R/radarplot.R
In VizOR: Graphical Visualization Tools for Complex Observational Data with Focus on Health Sciences

Documented in radarplot

##' A multidimensional 'Table 1 at-a-glance'
##'
##' Plots a specialized radar (aka, \sQuote{star}) plot to compare summary
##' statistics on a handful of covariates, across a multi-dimensional set
##' of comparison groups, as in the standard \sQuote{Table 1} of experimental
##' studies, where the groups correspond to treatment assignments.
##'
##' The covariates appear on the radii, or 'spokes' of the radarplot,
##' while the several (up to 3) dimensions defining the comparison
##' groups appear as a color-coded overlay, plus up to two trellis
##' dimensions.  In generic applications, the client code employs
##' \code{Hmisc::summary.formula(method='cross')} to create the
##' multi-dimensional array for plotting, and then rescales the array
##' elements by a linear or affine transformation to the interval
##' [0,1].  Ordered factors may be treated as quasi-continuous
##' variables according to their internal integer representation;
##' logical covariates (and also, conveniently, 2-valued factors)

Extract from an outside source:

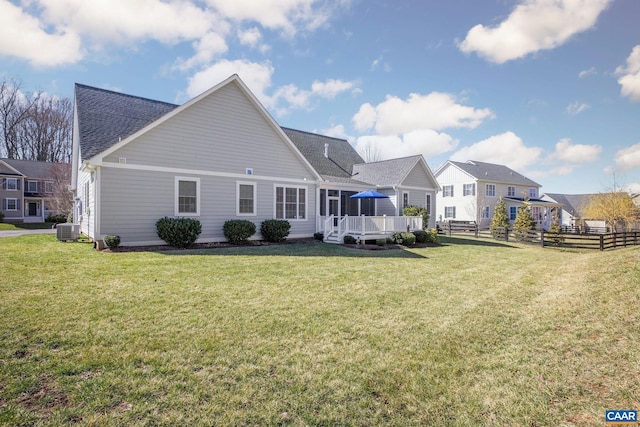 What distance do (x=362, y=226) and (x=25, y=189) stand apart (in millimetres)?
42533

##' appear as proportions; and unordered categorical variables with n
##' levels may be transformed to n-1 dummy variables, which may then
##' be plotted as proportions.  An optional \code{strength} parameter
##' may be specified, providing a strength-of-association measure
##' connecting the spoke variables to the experimental outcome.  This
##' is reflected graphically by fanning the spokes out into sectors
##' subtending angles proportional to the strength of associations.

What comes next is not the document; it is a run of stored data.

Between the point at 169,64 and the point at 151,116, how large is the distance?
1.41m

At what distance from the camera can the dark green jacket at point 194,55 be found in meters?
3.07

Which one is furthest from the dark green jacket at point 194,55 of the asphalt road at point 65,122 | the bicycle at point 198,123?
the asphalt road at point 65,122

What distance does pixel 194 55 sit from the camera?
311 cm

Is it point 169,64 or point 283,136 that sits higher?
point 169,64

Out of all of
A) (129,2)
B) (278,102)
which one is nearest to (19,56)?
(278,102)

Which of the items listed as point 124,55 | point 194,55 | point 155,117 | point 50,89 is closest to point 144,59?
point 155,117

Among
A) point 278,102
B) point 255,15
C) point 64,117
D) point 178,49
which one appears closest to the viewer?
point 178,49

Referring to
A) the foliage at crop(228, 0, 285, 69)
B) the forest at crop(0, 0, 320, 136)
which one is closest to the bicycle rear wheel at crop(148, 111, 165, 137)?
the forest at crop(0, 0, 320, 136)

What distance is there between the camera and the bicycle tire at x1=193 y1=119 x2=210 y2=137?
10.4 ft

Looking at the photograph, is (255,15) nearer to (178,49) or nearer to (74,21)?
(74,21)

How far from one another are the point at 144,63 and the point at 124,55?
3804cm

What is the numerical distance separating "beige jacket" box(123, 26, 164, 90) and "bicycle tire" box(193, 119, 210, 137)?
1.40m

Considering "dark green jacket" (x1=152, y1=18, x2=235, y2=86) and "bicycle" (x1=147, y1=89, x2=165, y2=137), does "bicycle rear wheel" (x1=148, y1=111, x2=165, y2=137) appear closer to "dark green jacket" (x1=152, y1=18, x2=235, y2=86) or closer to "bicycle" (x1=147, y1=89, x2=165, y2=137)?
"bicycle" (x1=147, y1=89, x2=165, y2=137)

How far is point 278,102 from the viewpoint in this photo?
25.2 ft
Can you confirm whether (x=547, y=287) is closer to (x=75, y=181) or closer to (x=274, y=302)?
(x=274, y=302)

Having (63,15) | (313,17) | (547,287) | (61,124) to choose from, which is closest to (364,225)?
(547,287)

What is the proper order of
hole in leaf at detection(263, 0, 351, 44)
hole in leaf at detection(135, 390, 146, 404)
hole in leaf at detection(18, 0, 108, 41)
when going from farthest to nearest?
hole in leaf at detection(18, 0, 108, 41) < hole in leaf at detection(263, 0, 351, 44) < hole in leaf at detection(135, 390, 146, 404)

##' Used in this way, the radar plot draws attention to those spoke
##' variables with greatest potential to confound the outcome, and so
##' becomes a useful exploratory tool.  To provide convenient support
##' for this specialized usage, \code{radarplot} optionally accepts a
##' regression model in which the outcome of interest is the
##' regressand, and the spoke variables are regressors.  From this
##' model, strength-of-association measures are automatically derived,
##' appropriately to the class of the regression model.  Invoked in
##' this way, \code{radarplot} is also able to free client code from
##' the burden of generating and rescaling a \code{summary.formula.cross}
##' object. At this time, models of class \code{lrm} and \code{cph} are
##' supported. See the example code below.
##'
##' @param x Typically, a formula of the form \code{S~x}, \code{S~x|t}
##' or \code{S~x|t*u}, where \code{S} is the (suitably normalized)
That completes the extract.